Neither of those things you said make sense.
Of course it addresses the unrealistic amount of time it takes to walk 1 meter, that's the whole point of jogging, to move faster. The game isn't going to have "realistic" movement rates because that would result in way too fast animations. However, we CAN "cheat" the system by having people who need to move a long distance move faster without penalizing people who design their prisons to minimize walk times.
If a prisoner is 20 units from his destination, he'll walk at a rate of, say, 10 units per second. He gets there in two seconds. If another prisoner is 100 units from his destination, he'll jog at maybe 40 units per second until he's 20 units from his destination, at which point he'll slow back down to 10 units per second, taking four seconds. Had he not ran, he would have taken a grand total of ten seconds. Prisoners closer to their destination will always get there before prisoners further away, but far away prisoners then don't take so long that they don't have any time left over to fulfill needs once they get there.
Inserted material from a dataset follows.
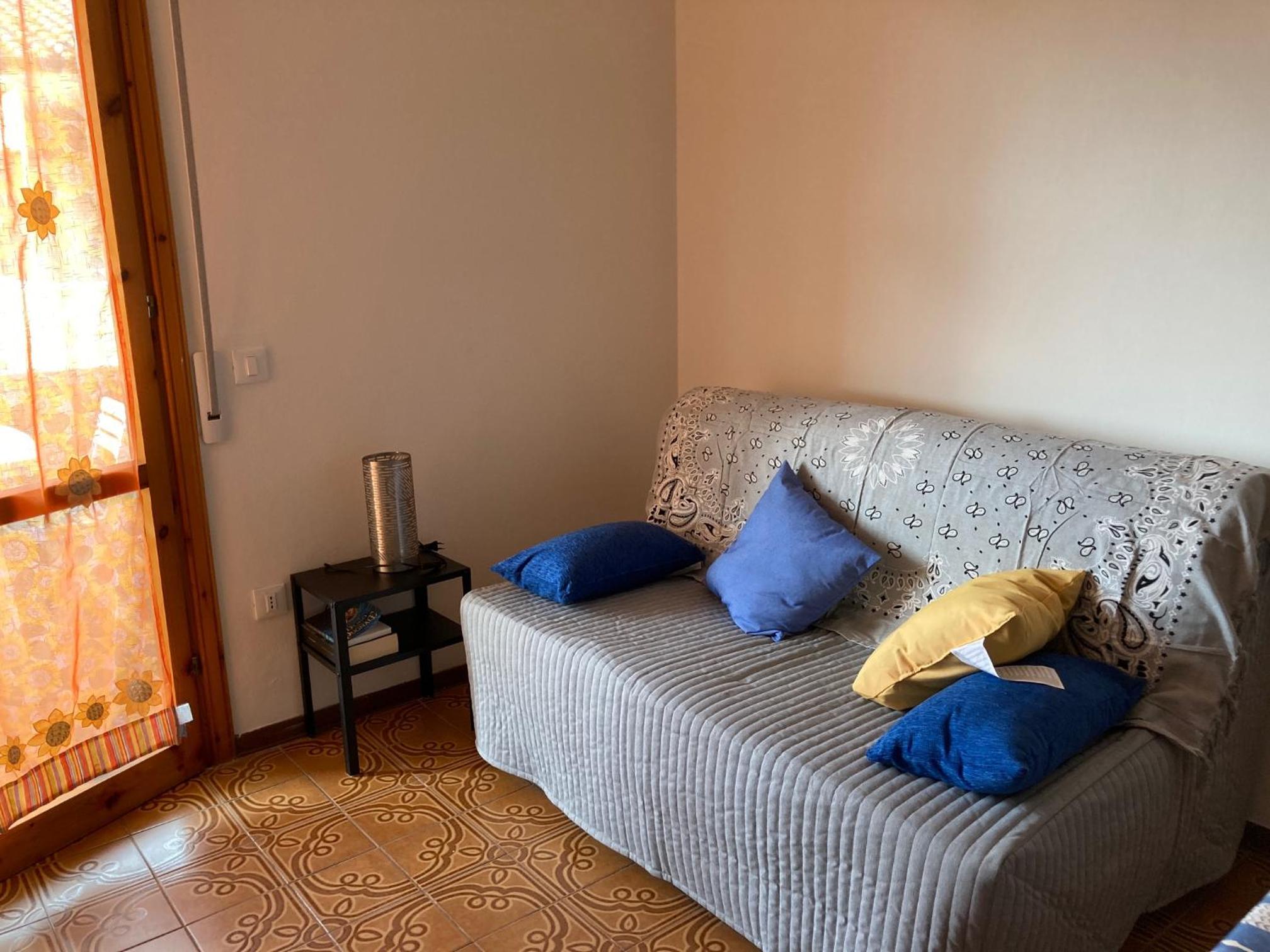 Apartment with Balcony photo 2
As for performance impact, what are you talking about? Distance is already calculated as a normal part of pathfinding, doing a quick comparison to see if the prisoner should run would be trivial. You just determine whether they run or walk with a simple comparison test, if it's greater than 20 units (or whatever arbitrary distance we want to use) they run at the set running speed, else they walk. When they're within X units of their destination, walk. It's cheap to the point of being utterly negligible even with thousands of AI pathing everywhere. And the AI already knows how to sprint, they just don't sprint enough when they should be in a hurry.